I know in my own life, when those guilt and shame are primary, I’m not bringing my best full self forward.

Beth Tener 

I also heard delight in the way Ed and Eimear interacted with Hazel. That spirit of “hey, come along with us, find this grant and open that door.” That is a beautiful spirit of how we can be with each other., like when Ed said “Oh, you’ve got to meet Brian Swimme. We’ll figure out a job for you, so you can be at this event.” I love that spirit.

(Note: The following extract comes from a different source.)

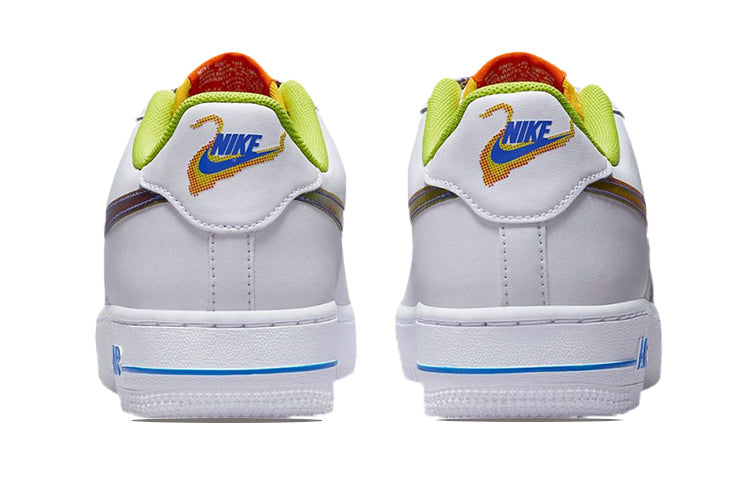 Nike Air Force 1 Low (GS) DQ7767-100 KICKSOVER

I liked the part where she was all jazzed about the Universe Story. She was with Ed and Eimear and said she was going to move to California. They talked her down, saying “this is good, but you might not want to throw all this out.” I can think of times I wish I had some elder mentors who said “Yeah, Beth, but wait, hold it.” – those who hold the larger view and help guide you at the right moments.

Nancy Gabriel

I see a theme through all of these podcasts of generosity. It was so generous with Ed and Eimear, and there was that sense of generosity at SeaCHANGE, and with Belvie, Liz and Matt. They had a willingness to generously give their gifts to other people.

Beth Tener 

I also saw  a quality of recognition in Hazel. Liz and Matt, and in Fran Grace, when she met Belvie. Hazel said “I pick up on it when a door opens or I get told something that’s an opportunity. I know when to listen and act on it.”

They all stepped up and received the gifts given. Liz and Matt saw that they could take what Belvie and Dedan offered and do more with it. They checked to see if they were willing. Belvie and Dedan’s legacy was the heart of the organization that they have grown.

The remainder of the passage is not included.